CVP-Fraktionschef Urs Schwaller möchte die Systemdiskussion gleich im Rahmen der anstehenden Regierungsreform führen. Wähleranteile mag er als einzige Richtschnur nicht gelten lassen: Es gelte Wege zu finden, um die Kräfteverhältnisse im Ständerat besser im Bundesrat abzubilden. Eine Variante sei, die Sitze an Blöcke, nicht an Parteien zu vergeben. Eine andere ist, dass die BDP nach den nächsten Wahlen bei der CVP andocke, um Widmer-Schlumpf abzusichern.

Das Ganze ist als Angebot gedacht, dass FDP und CVP (unter Einschluss der BDP) je zwei Bundesräte bekommen, und sich die Allianz der Mitte die Mehrheit im Bundesrat sichert. Bei sieben Sitzen bedeutet das aber, dass die Polparteien noch drei zu Gute hätten. Die würden aufgrund der inhaltlichen Uebereinstimmungen mit dem Regierungsprogramm vergeben, wobei sich SVP, SP, wohl auch Grüne bewerben könnten.

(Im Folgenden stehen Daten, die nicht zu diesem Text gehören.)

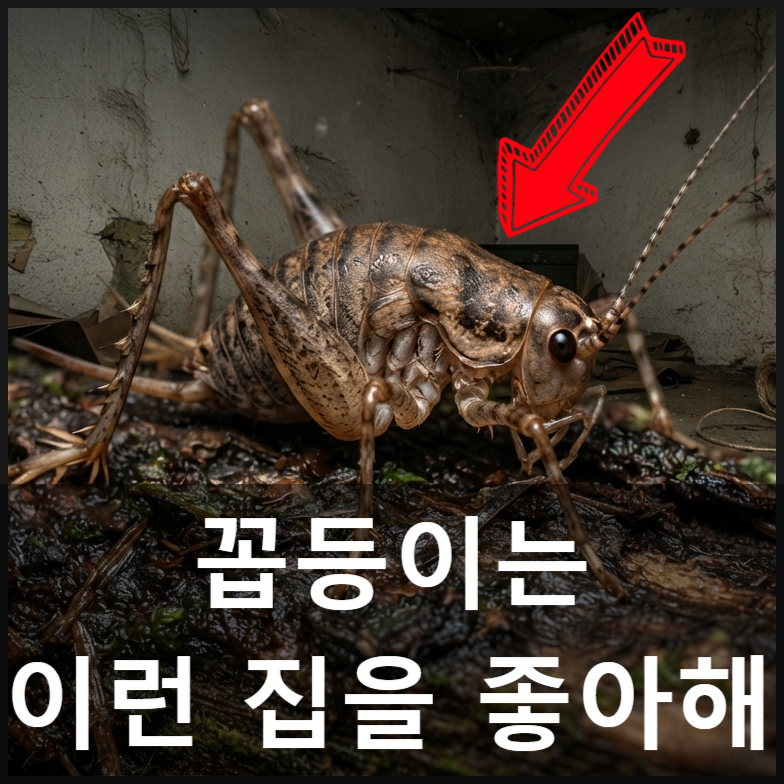 꼽등이 퇴치제 추천, 집에 갑자기 귀뚜라미처럼 생긴 벌레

Das Problem dabei ist, dass die Mitte nur im Ständerat über eine Mehrheit verfügt, nicht aber im Nationalrat. Zudem wäre eine Mehrheit der Allianz in der Bundesversammlung nötig, um das Dispositiv überhaupt aufziehen zu können. Aktuell fehlen hierfür knapp 20 Sitze.

So bleibt die Einschätzung, dass es sich um einen neuerlichen Versuch der CVP handelt, zu einem zweiten Bundesratssitz zu Lasten der FDP zu gelangen. Die Rechnung ginge dann so: Widmer-Schlumpf wird Mitglied der Zentrumsfraktion, die über den Sitz verfügt, wenn sie zurücktritt. Diese überholt auf diese Weise die FDP, die dann nur noch vierte politische Kraft ist, und gemäss Aussagen Pellis 2011 auf einen Sitz verzichten müsste. Der wiederum könnte auch jener der Romandie sein, wenn Rime als SVP-Vertreter in den Bundesrat einzieht.

Denn die SVP ist längst entschieden. Als wählerstärkste Partei propagiert sie seit 2003 die rein arithmetische Verteilregel, basierend auf WählerInnen-Anteilen. Abwahlen auf dieser Basis schliesst sie nicht aus. Ihr Plan A dürfte gegen Widmer-Schlumpf gerichtet sein, ihr Plan B gegen einen weitere Personen. Das bringt auch die SP in Bedrängnis: Sie neigt wie die SVP zur Arithmetik, denn gleich wie die SVP würde sie bei einer inhaltlichen Konkordanz zurückgebunden. Das Abwählen von BundesrätInnen aufgrund von Wähleranteilsverschiebungen war bisher aber Tabu.

Ohne Zweifel: Der Druck auf Eveline Widmer-Schlumpf ist beträchtlich! Soll sie Ende 2011 freiwillig zurücktreten? Soll sie eine Abwahl riskieren? Soll sie bei der CVP andocken? Oder kann sie, ganz einfach, auf einen grossen Wahlsieg zählen?

Die Diskussion, was gut für die für die Schweiz ist, ist lanciert.